Scraped caption text data:
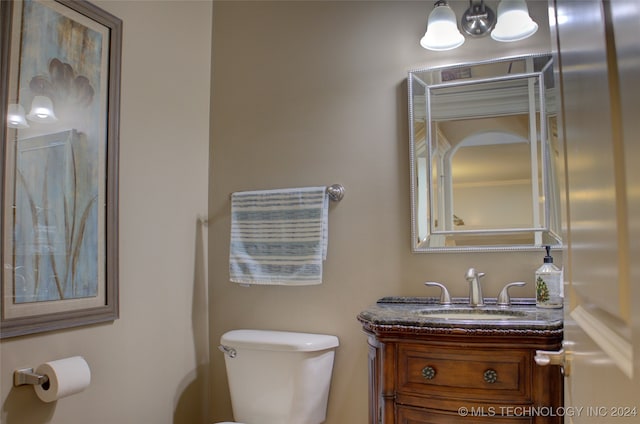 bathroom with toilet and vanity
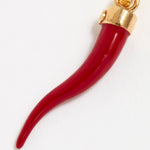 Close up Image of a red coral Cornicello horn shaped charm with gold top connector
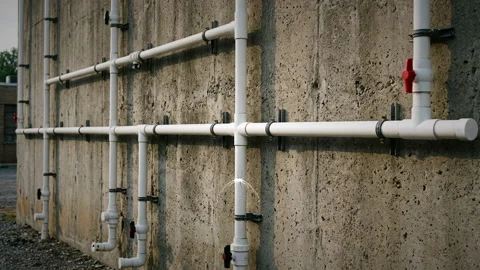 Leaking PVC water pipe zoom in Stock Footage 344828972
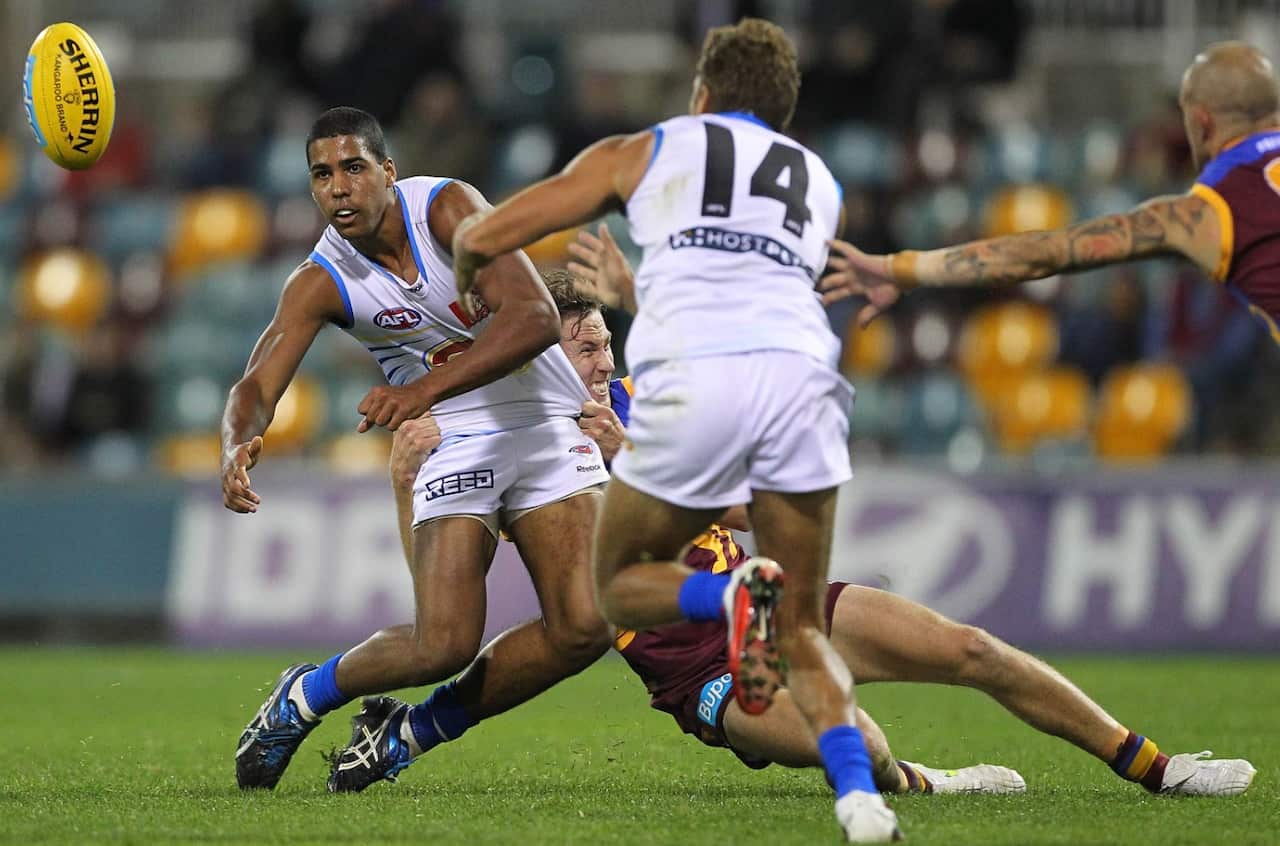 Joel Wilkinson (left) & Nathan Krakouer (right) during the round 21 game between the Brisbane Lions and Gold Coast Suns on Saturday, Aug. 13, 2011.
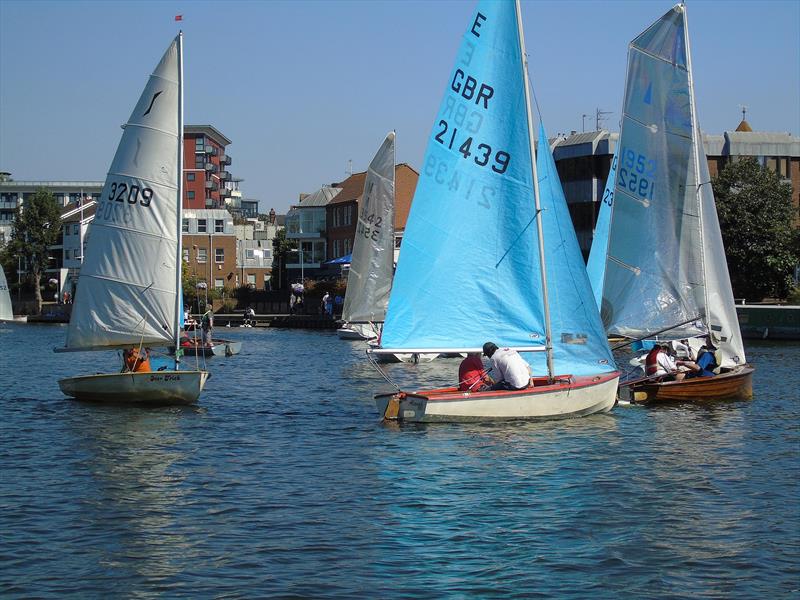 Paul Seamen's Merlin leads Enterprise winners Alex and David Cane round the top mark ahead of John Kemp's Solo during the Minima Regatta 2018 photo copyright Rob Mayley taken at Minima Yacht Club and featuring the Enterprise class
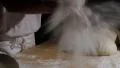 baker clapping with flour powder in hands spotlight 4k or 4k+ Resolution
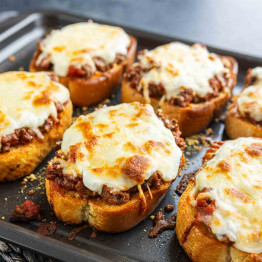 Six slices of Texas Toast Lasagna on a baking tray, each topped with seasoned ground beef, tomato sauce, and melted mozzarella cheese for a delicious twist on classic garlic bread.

Instructions to follow: With the pictures removed, please retype each record exactly.

Completed task:
 bathroom with toilet and vanity
 Close up Image of a red coral Cornicello horn shaped charm with gold top connector
 Leaking PVC water pipe zoom in Stock Footage 344828972
 Joel Wilkinson (left) & Nathan Krakouer (right) during the round 21 game between the Brisbane Lions and Gold Coast Suns on Saturday, Aug. 13, 2011.
 Paul Seamen's Merlin leads Enterprise winners Alex and David Cane round the top mark ahead of John Kemp's Solo during the Minima Regatta 2018 photo copyright Rob Mayley taken at Minima Yacht Club and featuring the Enterprise class
 baker clapping with flour powder in hands spotlight 4k or 4k+ Resolution
 Six slices of Texas Toast Lasagna on a baking tray, each topped with seasoned ground beef, tomato sauce, and melted mozzarella cheese for a delicious twist on classic garlic bread.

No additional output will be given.